(Beginning of Records)
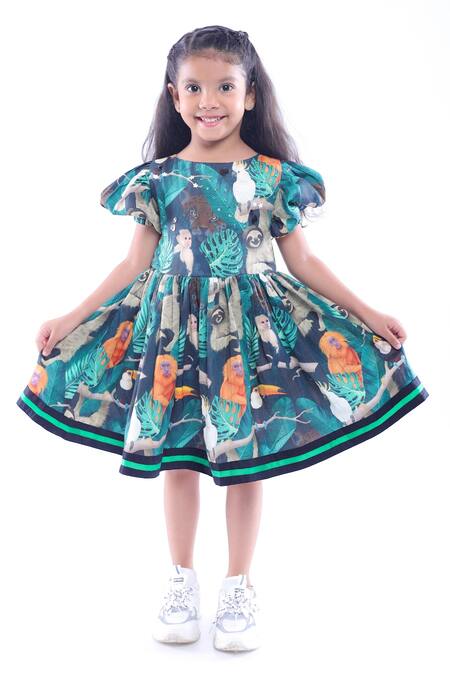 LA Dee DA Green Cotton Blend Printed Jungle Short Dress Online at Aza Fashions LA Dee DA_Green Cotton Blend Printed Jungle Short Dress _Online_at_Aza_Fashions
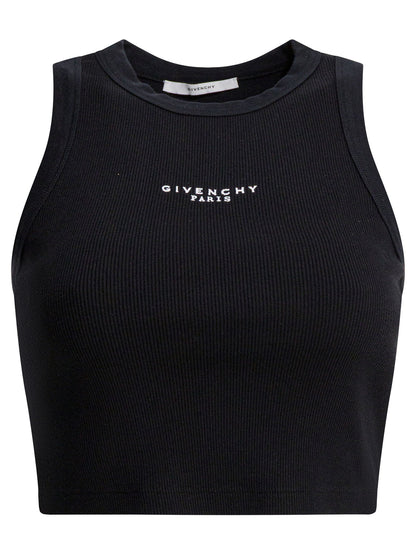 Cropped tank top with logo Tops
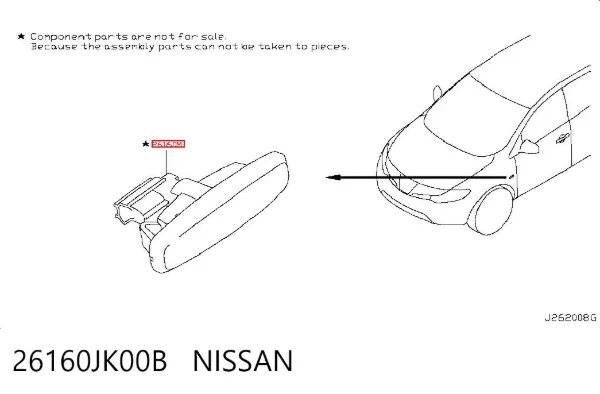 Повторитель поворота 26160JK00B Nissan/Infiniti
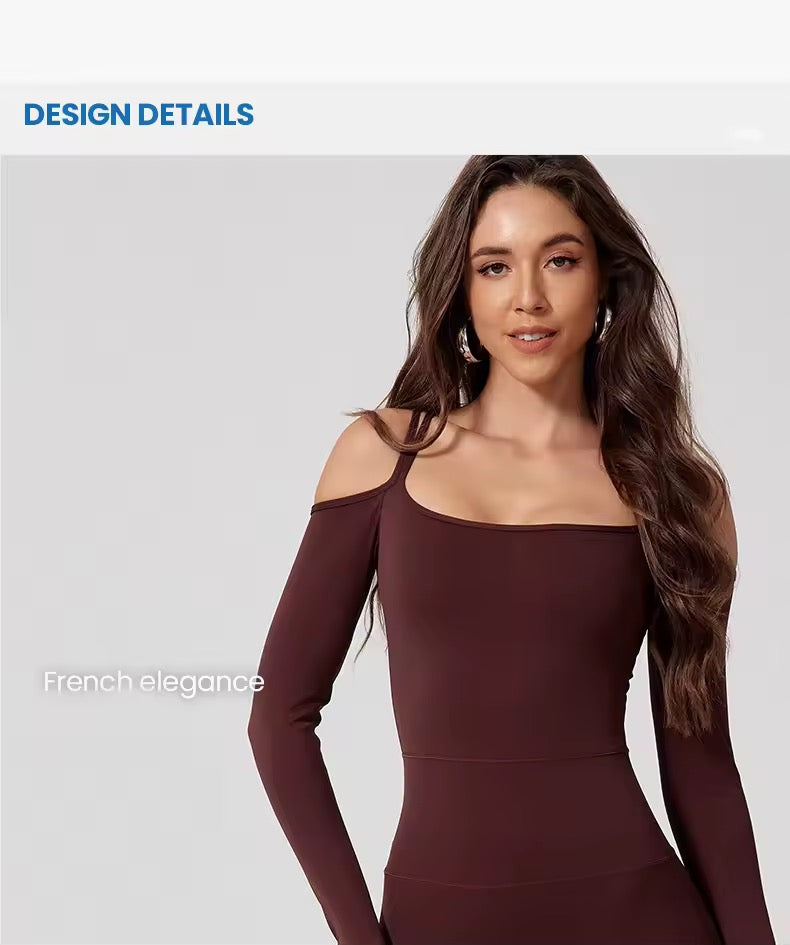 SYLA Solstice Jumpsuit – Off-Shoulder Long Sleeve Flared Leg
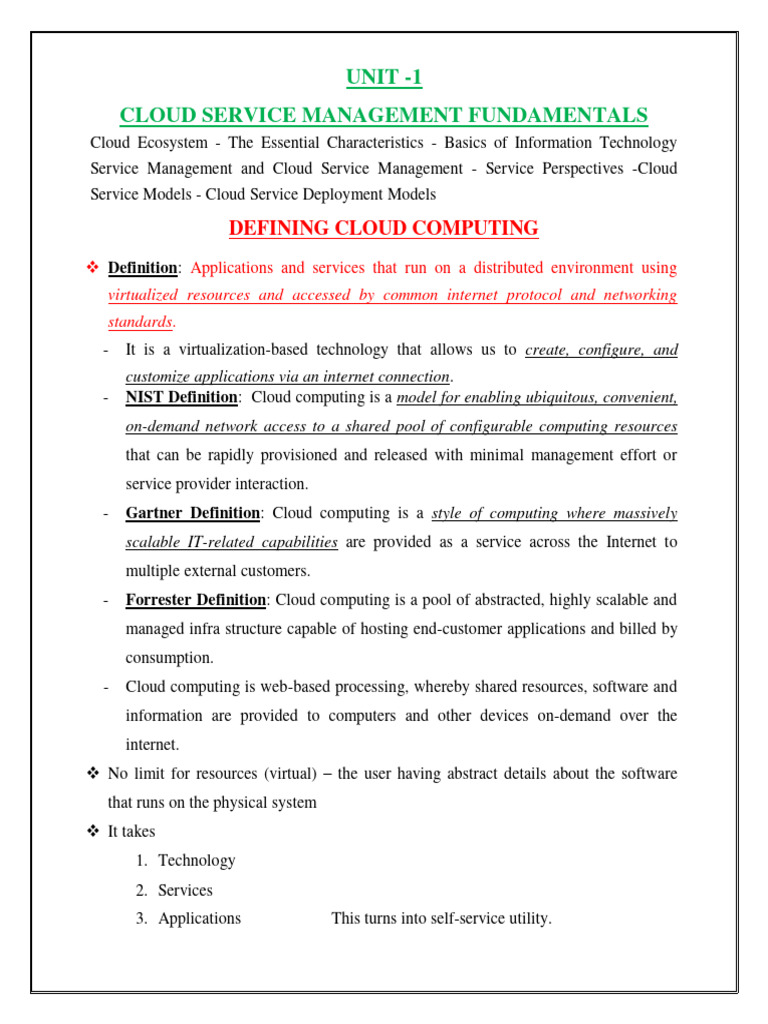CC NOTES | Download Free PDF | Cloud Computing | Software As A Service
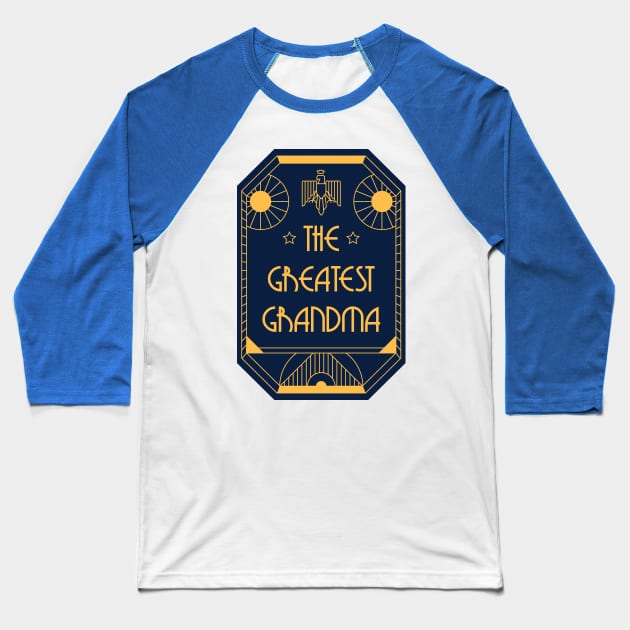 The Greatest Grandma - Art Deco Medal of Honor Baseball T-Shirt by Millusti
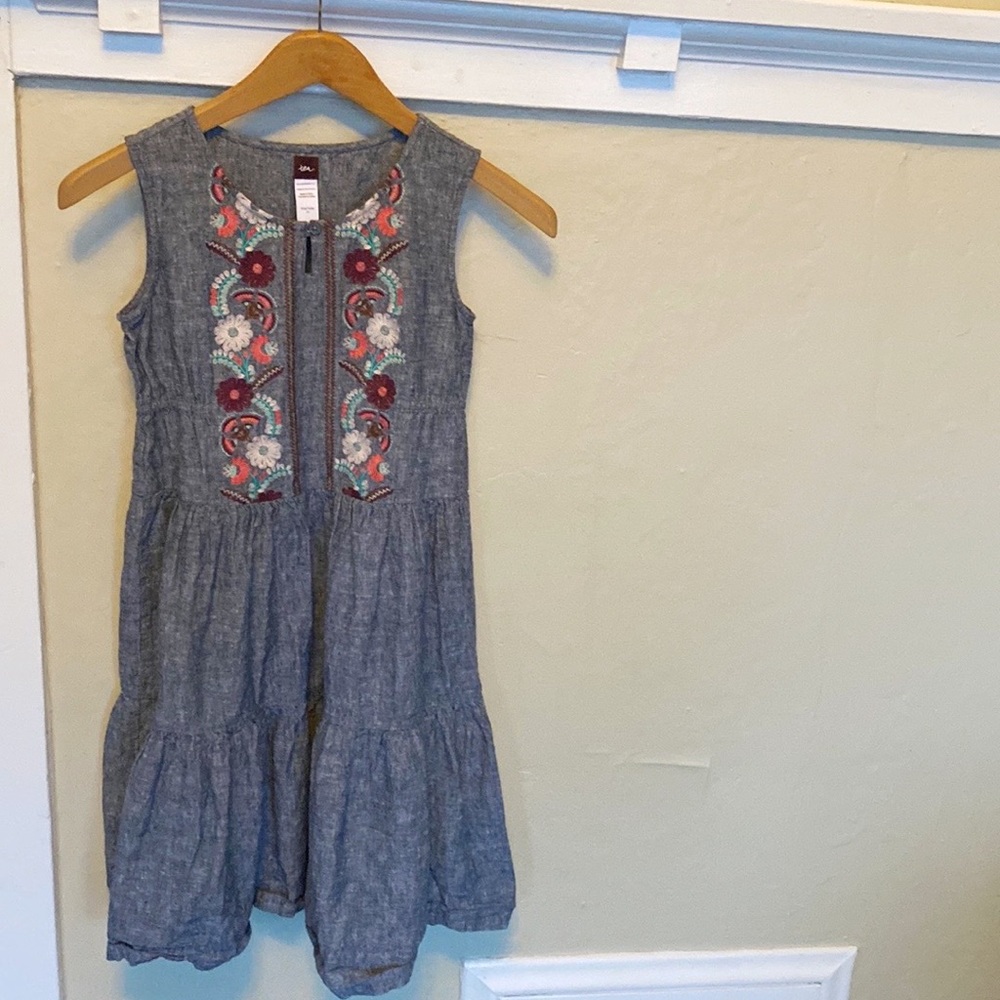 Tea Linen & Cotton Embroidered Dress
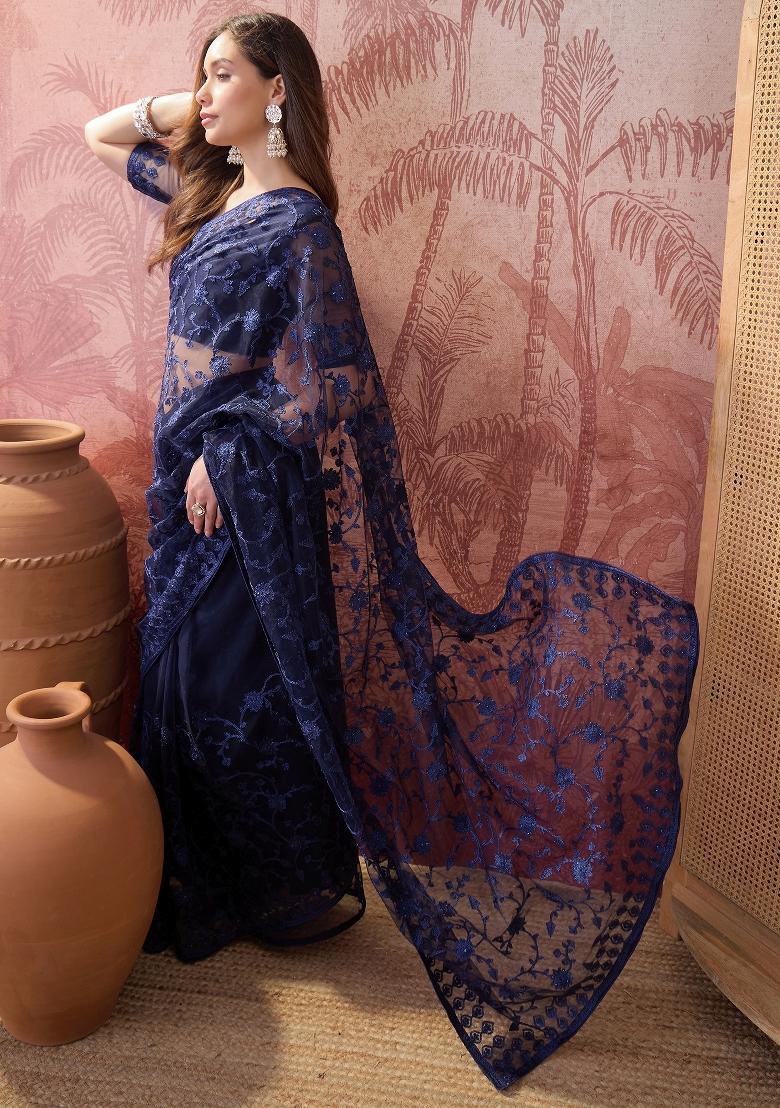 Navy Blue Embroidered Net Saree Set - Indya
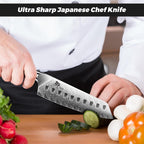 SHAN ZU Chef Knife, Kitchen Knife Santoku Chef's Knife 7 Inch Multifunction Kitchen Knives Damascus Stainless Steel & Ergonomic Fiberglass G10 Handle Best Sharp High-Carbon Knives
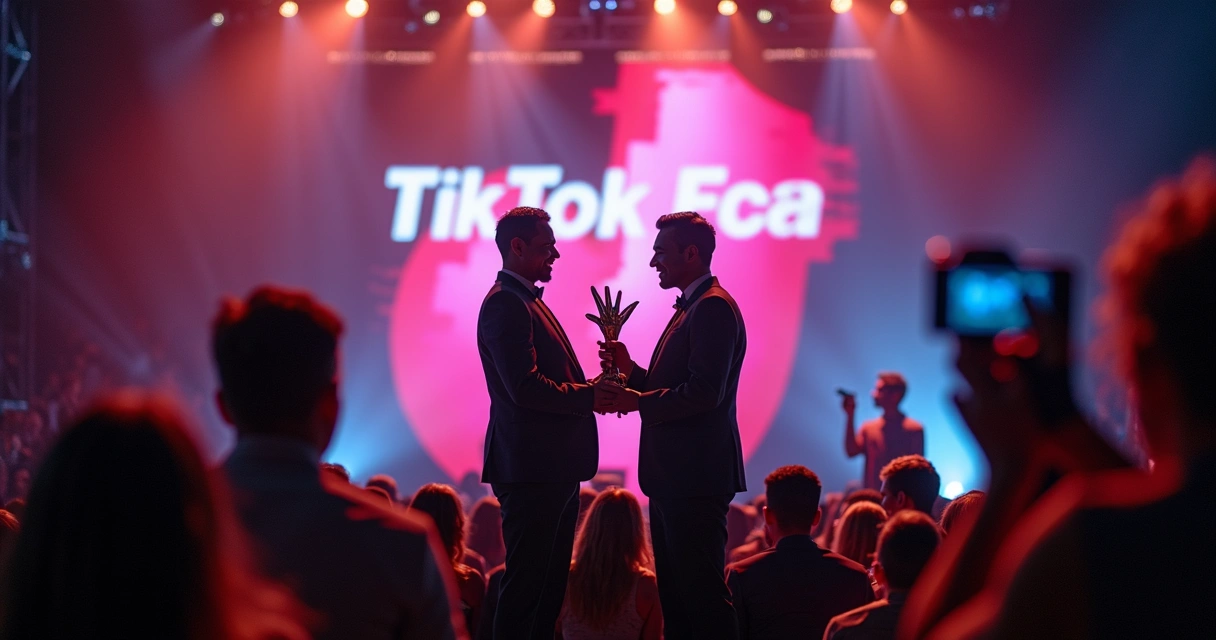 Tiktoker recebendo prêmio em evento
(End of Records)
What the exercise asks: A word-for-word copy of the lines from the one with "SHAN ZU Chef" through the last line of the data above is required, with both end lines included and no pictures.

Task output:
 SHAN ZU Chef Knife, Kitchen Knife Santoku Chef's Knife 7 Inch Multifunction Kitchen Knives Damascus Stainless Steel & Ergonomic Fiberglass G10 Handle Best Sharp High-Carbon Knives
 Tiktoker recebendo prêmio em evento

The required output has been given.